Ball's Falls. NPCA

Community input sought for new strategic plan

The CEO of the Niagara Peninsula Conservation Authority (NPCA), Chandra Sharma, can barely contain her enthusiasm when discussing her organisation’s top-priority project, a new strategic plan. The document will be the blueprint which guides the NPCA’s mission over the course of the next decade.

“We took a fresh approach with the strategic plan’s design, seeking out a high degree of community engagement in the formative stages, so as to achieve a shared vision,” said Sharma.

“NPCA staff are integrally involved in the planning and implementation activities, as is the board of directors, and our public advisory committee. And I must say that public input so far has been incredible, and very encouraging.”

NPCA CEO Chandra Sharma. SUPPLIED

The organisation’s current strategic plan, entitled Partners In Conservation – A Shared Responsibility, ends in 2021. Commencing in 2019, the NPCA took the first steps to create a new plan. One of the outreach components was a survey available to the public in an effort to gather input on potential goals and priorities.

“Over 4300 people visited the NPCA website to review information on the plan, and 501 completed the survey directly, indicating overall positive support for the proposed strategic priorities,” said Sharma. “Staff reviewed the feedback, made adjustments to the proposed strategic priorities, and have refined the key components of the draft plan.”

“More work needs to be done to create an understanding of conservation authority roles and responsibilities out in the community, so we are going to be working on that,” said Sharma. “From the survey responses, it was clear that there is a lot expected of the NPCA. We know that people really wanted us to focus on protecting, enhancing, and restoring the watershed. One of the takeaways was that we need to use plain language, even though we are a technical organization that sometimes uses complex, scientific terminology. We are community-based, grassroots organization, and need to remember to keep information easily understandable.”

Sharma has arranged for a virtual public information session this Thursday, August 19, at 6:30 PM, to discuss the evolution of the plan, and seek additional comment prior to presenting the draft document to the board of directors in the fall. The completed strategic plan is set to be released in October.

“This is our second point of direct community engagement, allowing participants to hear a summary of survey results. We want to provide a first-look at the key components of the strategic plan before it’s finalized. People will have an opportunity to ask questions and provide feedback on what we have prepared thus far—we are looking forward to that.”

The link for the virtual information session is accessible through the organization’s website, at getinvolved.npca.ca. Participants are encouraged to pre-register online.

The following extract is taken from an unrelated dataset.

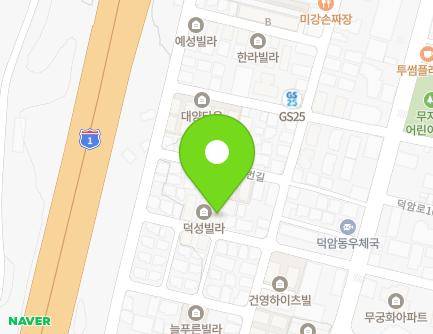 대전광역시 대덕구 덕암로153번길 32 (덕암동, 덕성빌라) 지도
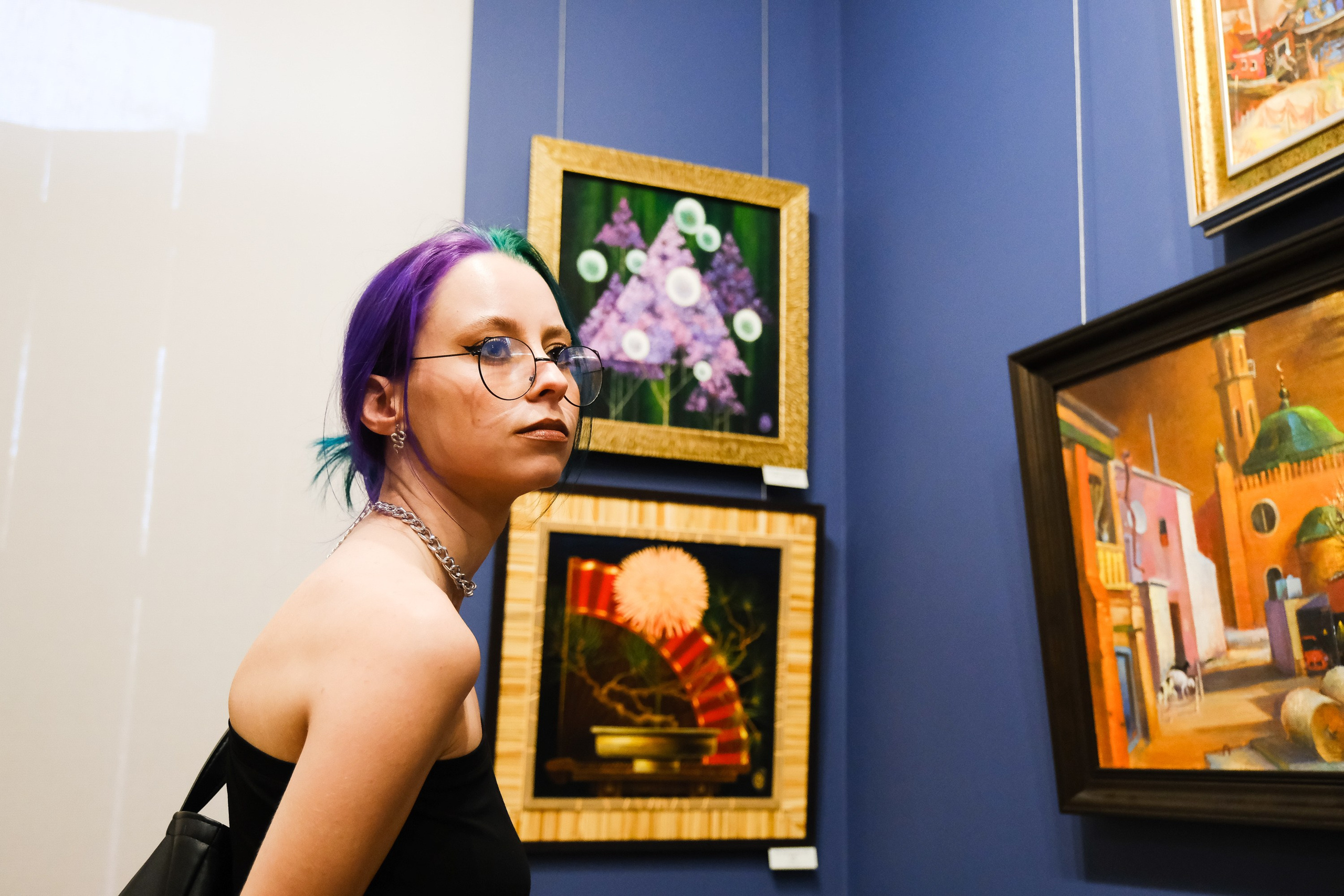 Выставки. Фотограф Анатолий Деникин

The NPCA has been in existence for 60 years, serving as a natural resource management agency with a mandate to protect and sustain healthy watersheds. It offers services that focus on flood and hazard management, source water protection, species protection, ecosystem restoration, community stewardship, and land management. NPCA is one of 36 conservation authorities in Ontario, and manages 41 conservation areas within the Niagara Peninsula.